Perspectives on the Household Saving Rate
44 Pages Posted: 5 Feb 2011
Date Written: May 1999
We evaluate official saving rate measures in light of the recent decline of NIPA personal saving to effectively zero. We find, like others, that official saving measures are not representative of basic economic concepts, and that various adjusted measures of saving have moved in markedly different directions over the past two decades.
In particular, although NIPA personal saving declined from about 5 percent of GDP in the 1970s and 1980s to less than 0.5 percent in 1998, a measure that adjusts personal saving for durables, retirement accounts, inflation, and tax accruals, and integrates personal and business saving fell from about 9 percent of GDP in the 1970s and 1980s to 7 percent in 1998. Using this measure, which we would claim is closer to an economic concept of saving, the decline is much smaller, and the current level of saving is much higher, than under the conventional measure. Adjusted Flow of Funds saving data show a similar decline. They also show that borrowing is not significantly out of line with prior years, and that the vast portion of the decline is concentrated in net acquisitions of non-retirement assets.
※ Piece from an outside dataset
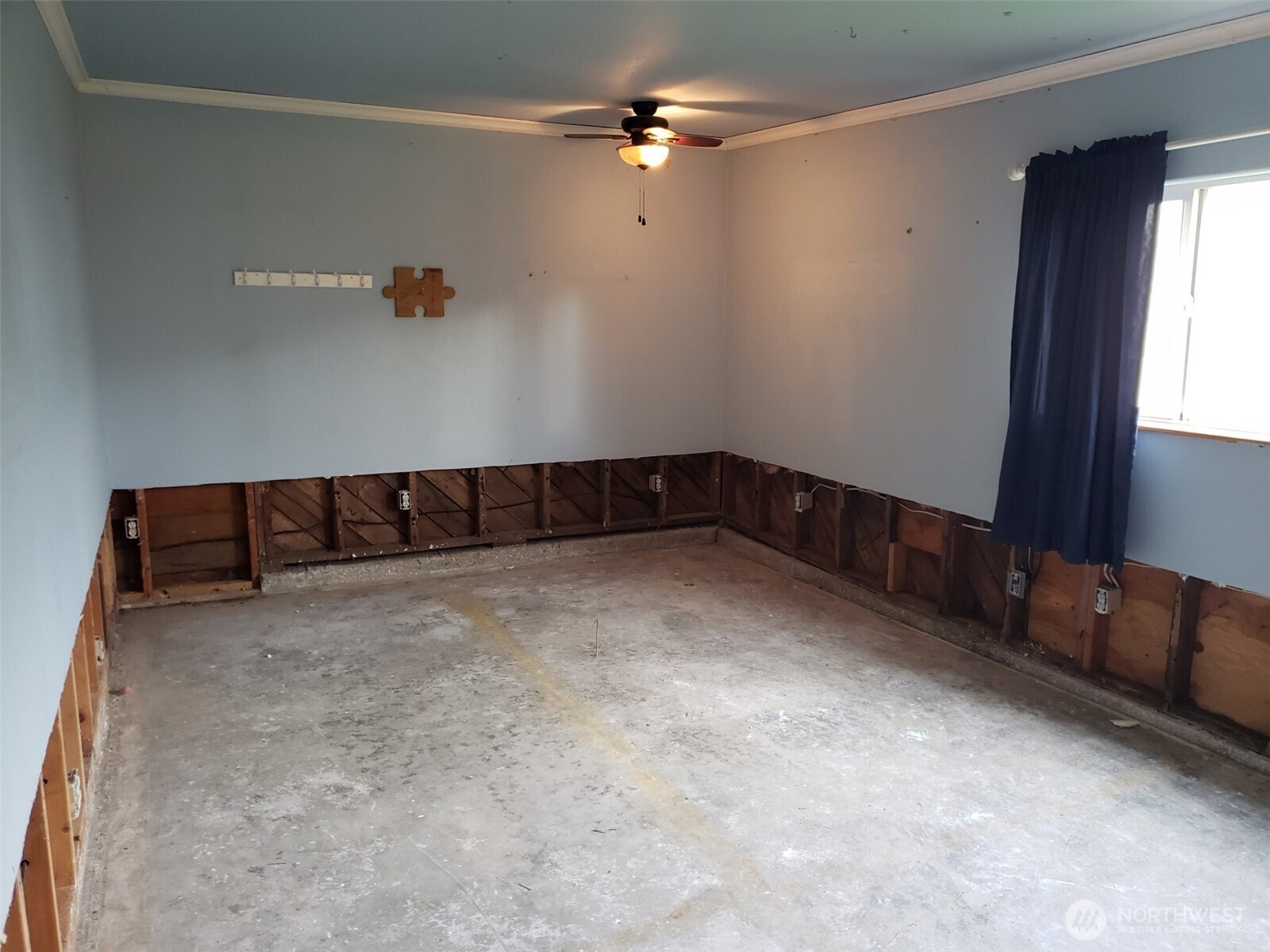 2830 Colorado Street , Longview, WA 98632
Adding capital gains fundamentally changes recent trends. With all capital gains included, the adjusted household saving rate is the highest in at least the last forty years, despite the personal saving rate being zero. However, it remains controversial whether it is appropriate to include capital gains in general, and the recent capital gains in particular, in saving.
Our findings suggest that, in principle, all discussions of whether saving has risen or fallen, and by how much, need to be qualified by the concept and measure of saving employed. In practice, this distinction appears to be particularly crucial when considering data over the recent past.